__Exercise aim__
The output should be the listing below, limited to the lines from the one with "BMW 7 серії - фото 5" through the one with "Photo 4 from", exact and without pictures.

__Data shown__
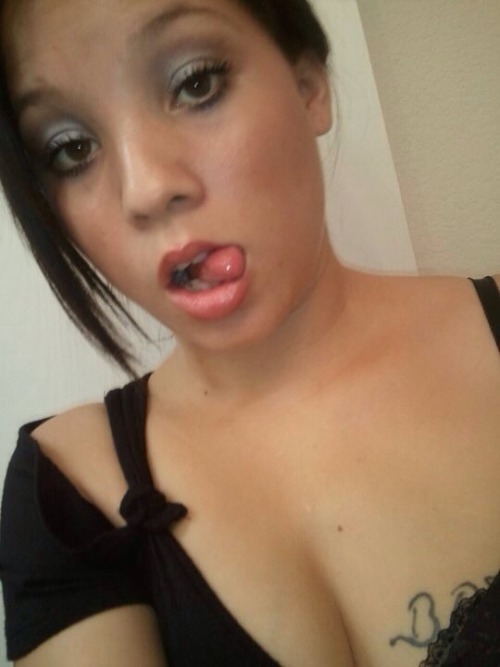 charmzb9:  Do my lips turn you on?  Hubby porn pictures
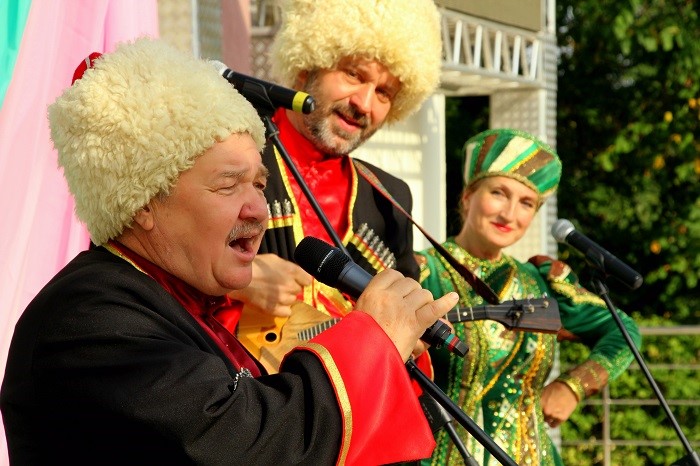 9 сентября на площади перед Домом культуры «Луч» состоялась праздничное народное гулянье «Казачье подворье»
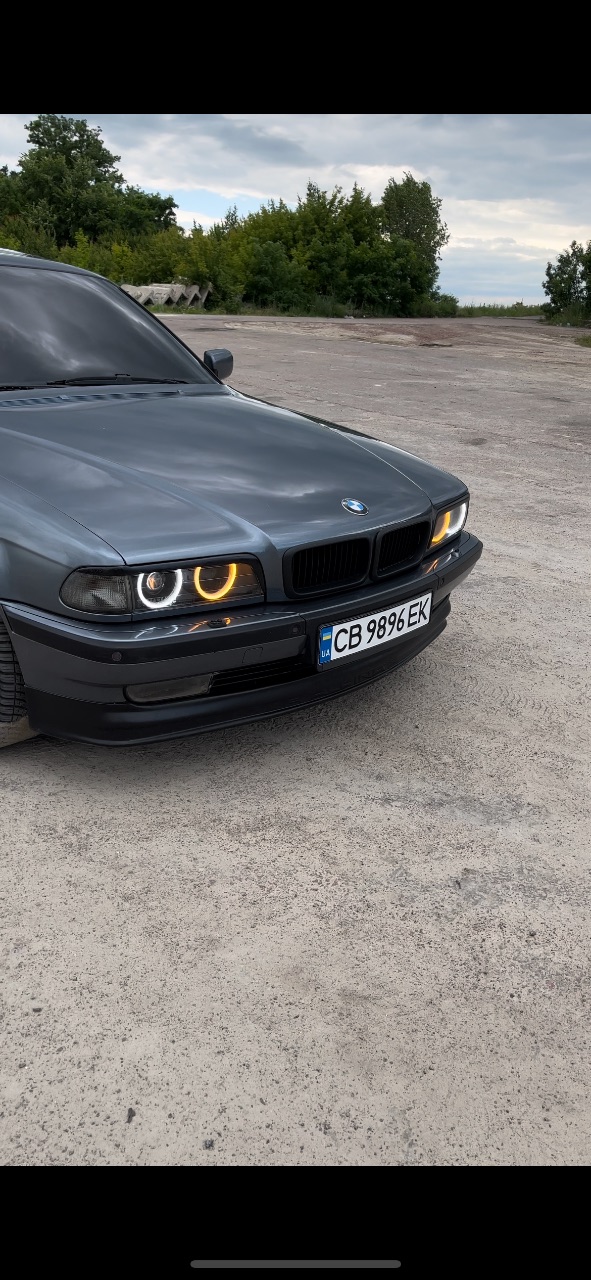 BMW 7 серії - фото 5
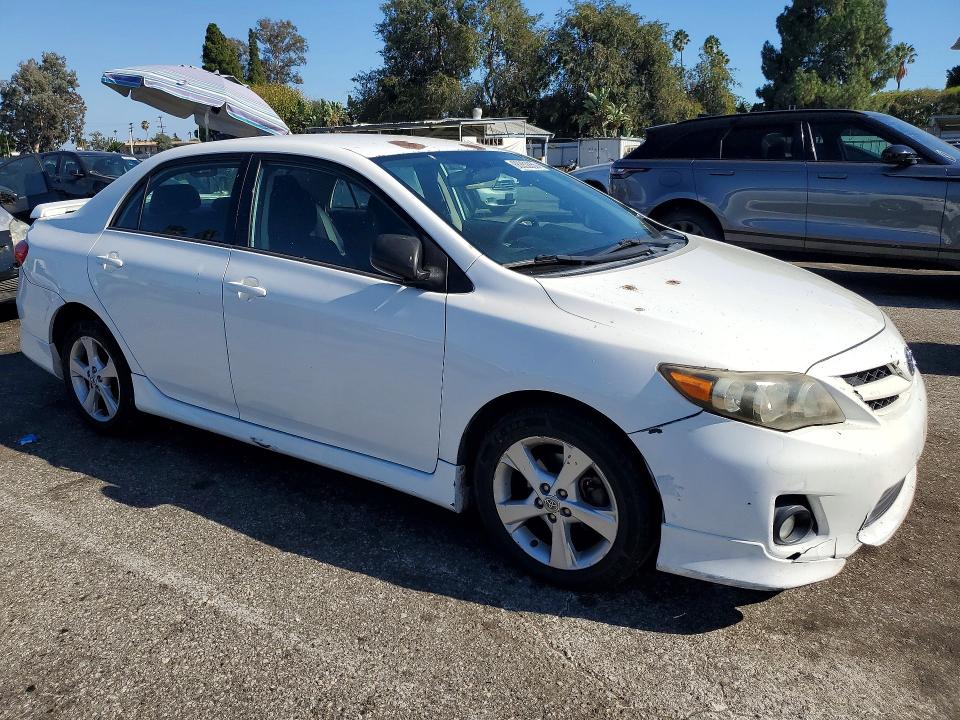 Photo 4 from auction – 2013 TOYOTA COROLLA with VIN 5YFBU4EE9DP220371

...

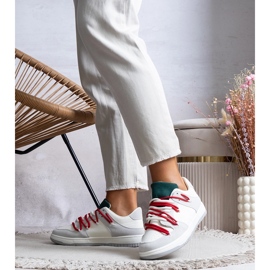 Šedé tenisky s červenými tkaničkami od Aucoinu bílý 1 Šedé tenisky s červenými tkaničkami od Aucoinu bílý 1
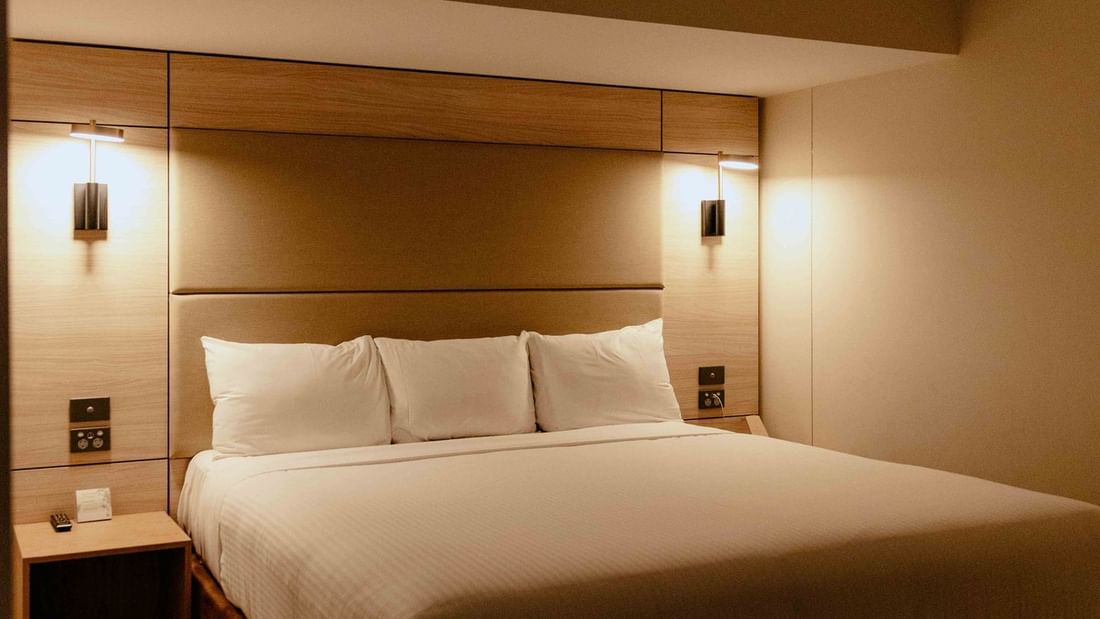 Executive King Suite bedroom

__Solution to the exercise__
 BMW 7 серії - фото 5
 Photo 4 from auction – 2013 TOYOTA COROLLA with VIN 5YFBU4EE9DP220371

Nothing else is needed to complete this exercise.